**TASK DESCRIPTION:** Nothing outside the range is to be copied. From the entries below, reproduce exactly the lines starting at the one with "открытка с Днем Гимнастики-15" and ending at the one with "Hypoallergenic Temperament Fashion", without pictures.

**SUPPLIED INFORMATION:**

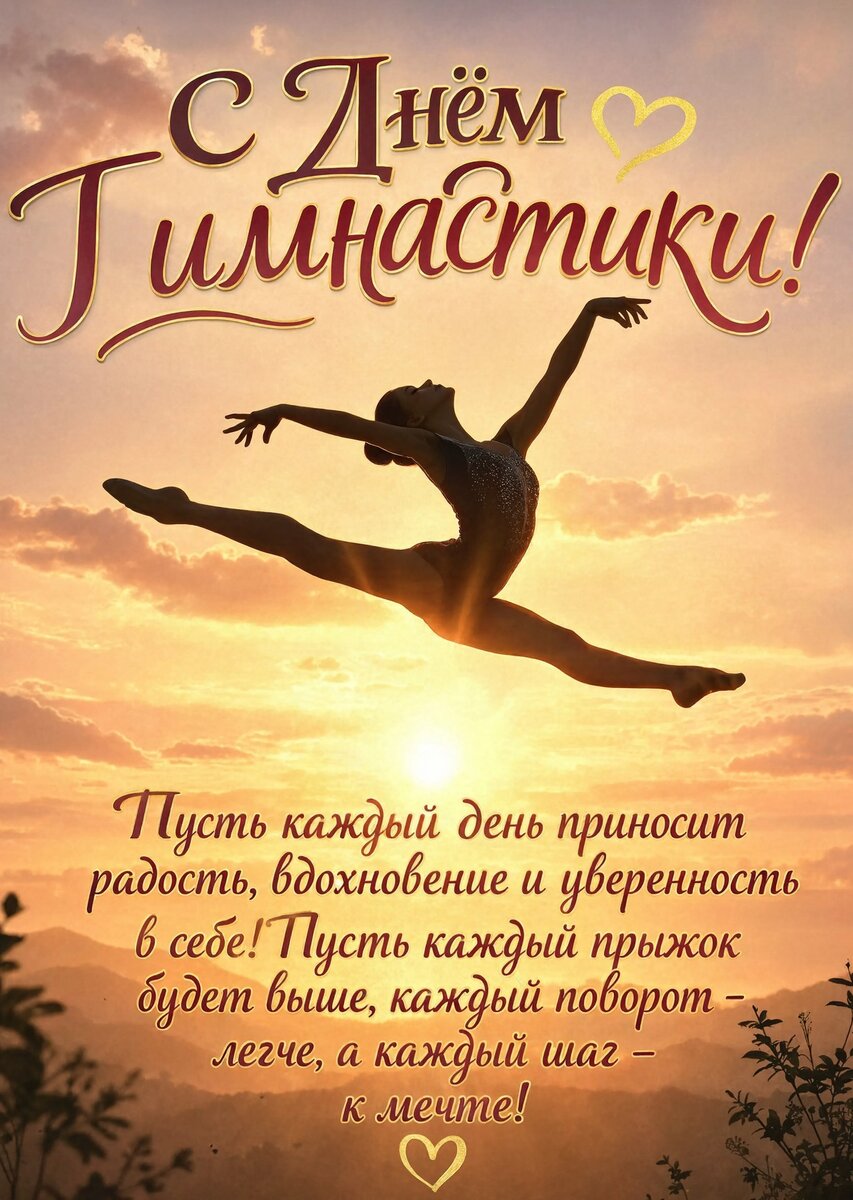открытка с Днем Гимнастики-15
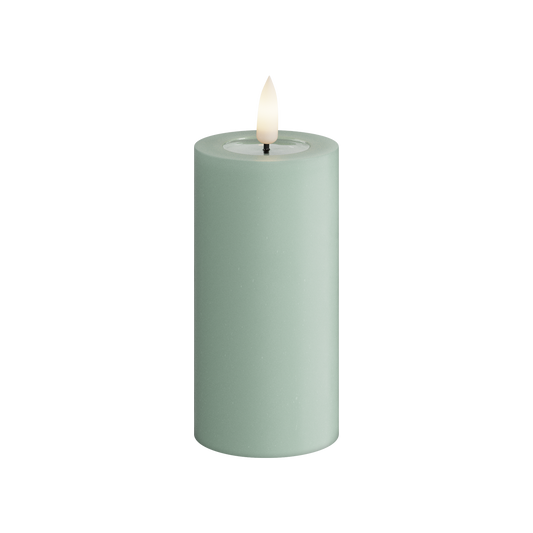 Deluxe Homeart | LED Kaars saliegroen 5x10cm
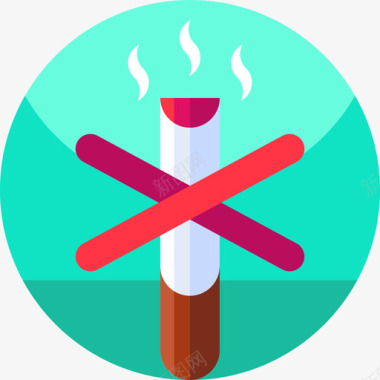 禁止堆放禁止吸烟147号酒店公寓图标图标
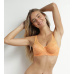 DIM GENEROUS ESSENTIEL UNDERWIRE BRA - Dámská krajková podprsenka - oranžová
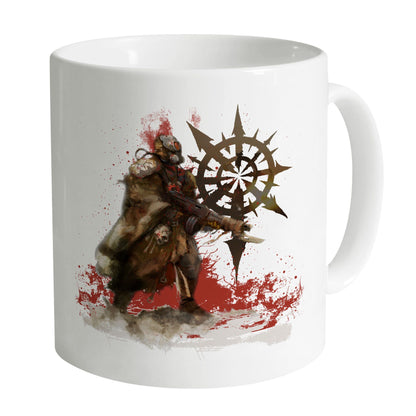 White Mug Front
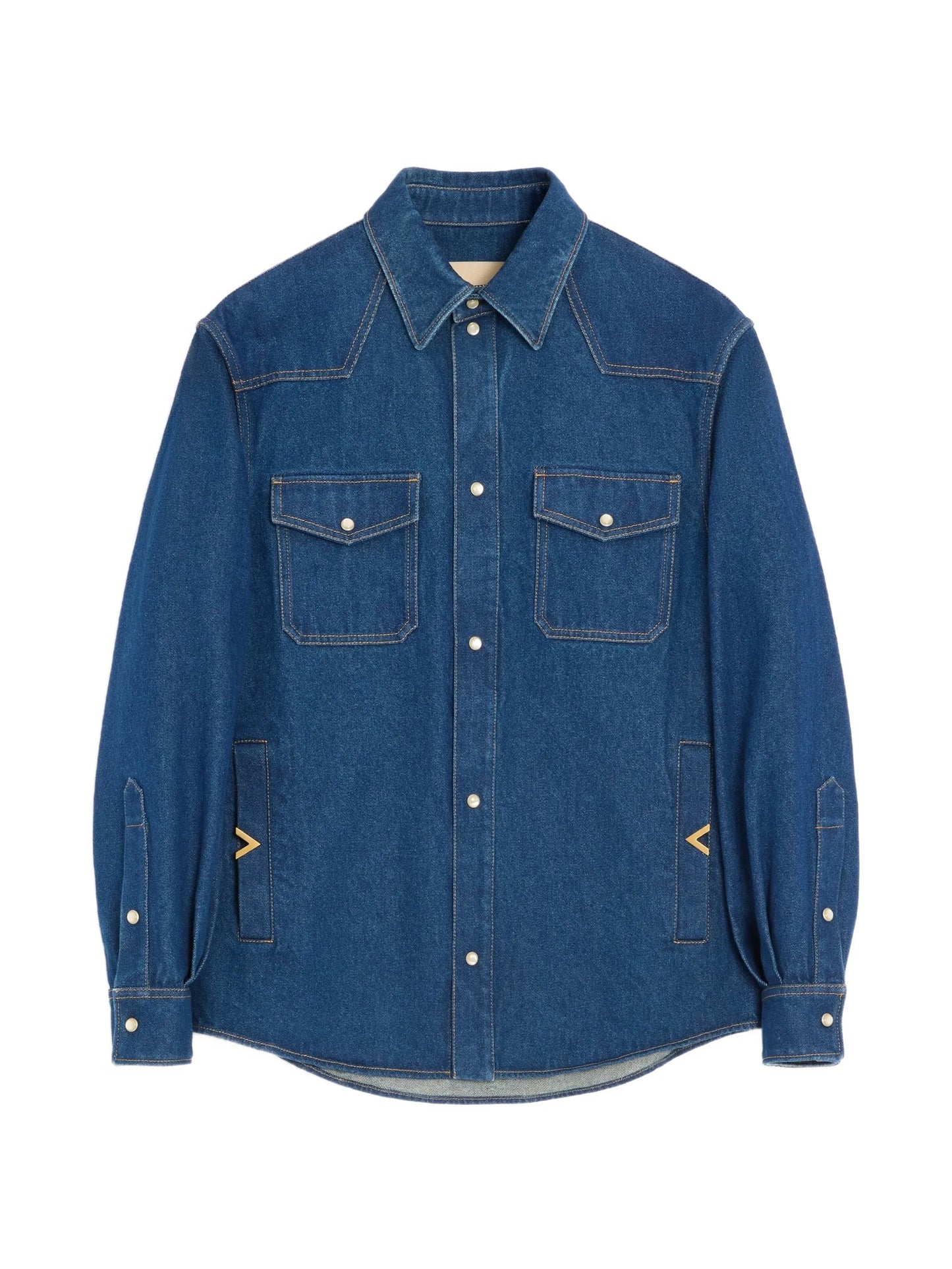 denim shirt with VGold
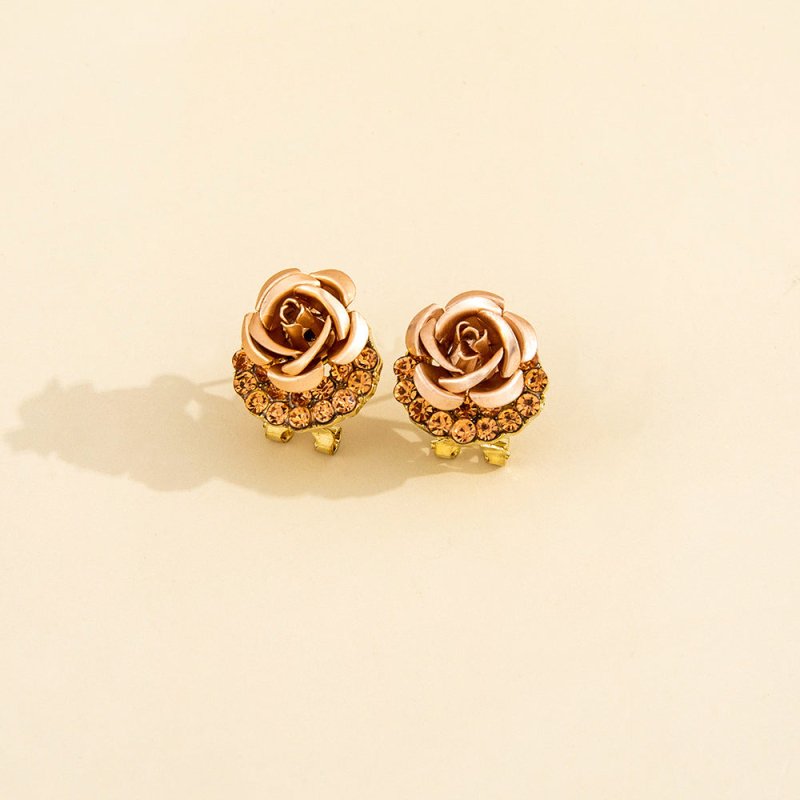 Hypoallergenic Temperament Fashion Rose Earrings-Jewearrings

==

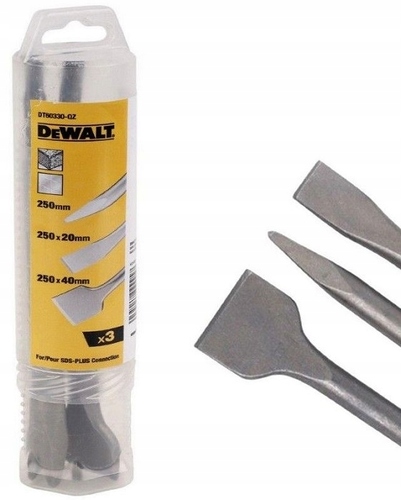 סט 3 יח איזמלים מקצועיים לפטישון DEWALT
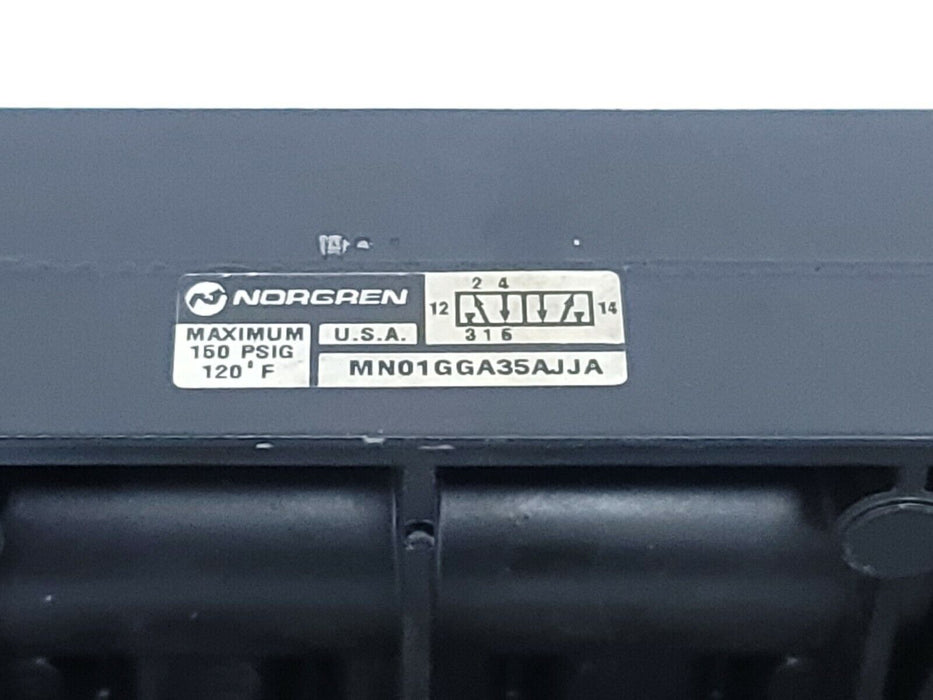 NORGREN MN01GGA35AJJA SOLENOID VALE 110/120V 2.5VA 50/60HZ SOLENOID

==

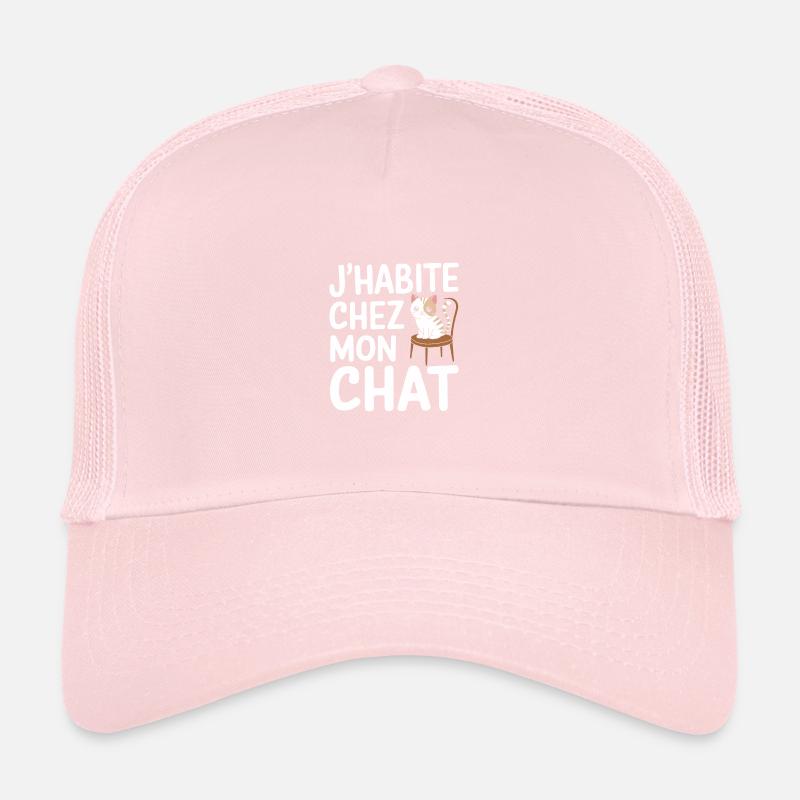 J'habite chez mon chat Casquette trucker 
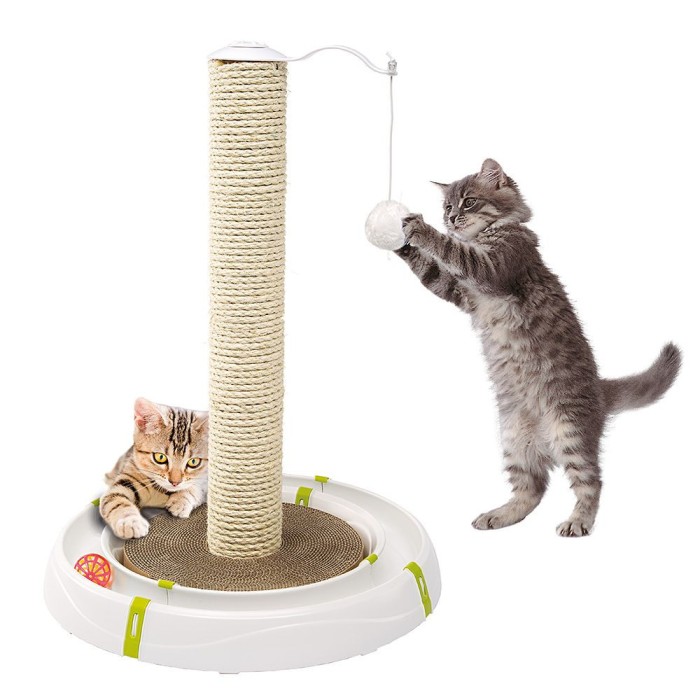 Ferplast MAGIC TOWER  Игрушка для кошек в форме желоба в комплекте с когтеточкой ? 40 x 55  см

**ANSWER TO THIS EXERCISE:**
открытка с Днем Гимнастики-15
 Deluxe Homeart | LED Kaars saliegroen 5x10cm
 禁止堆放禁止吸烟147号酒店公寓图标图标
 DIM GENEROUS ESSENTIEL UNDERWIRE BRA - Dámská krajková podprsenka - oranžová
 White Mug Front
 denim shirt with VGold
 Hypoallergenic Temperament Fashion Rose Earrings-Jewearrings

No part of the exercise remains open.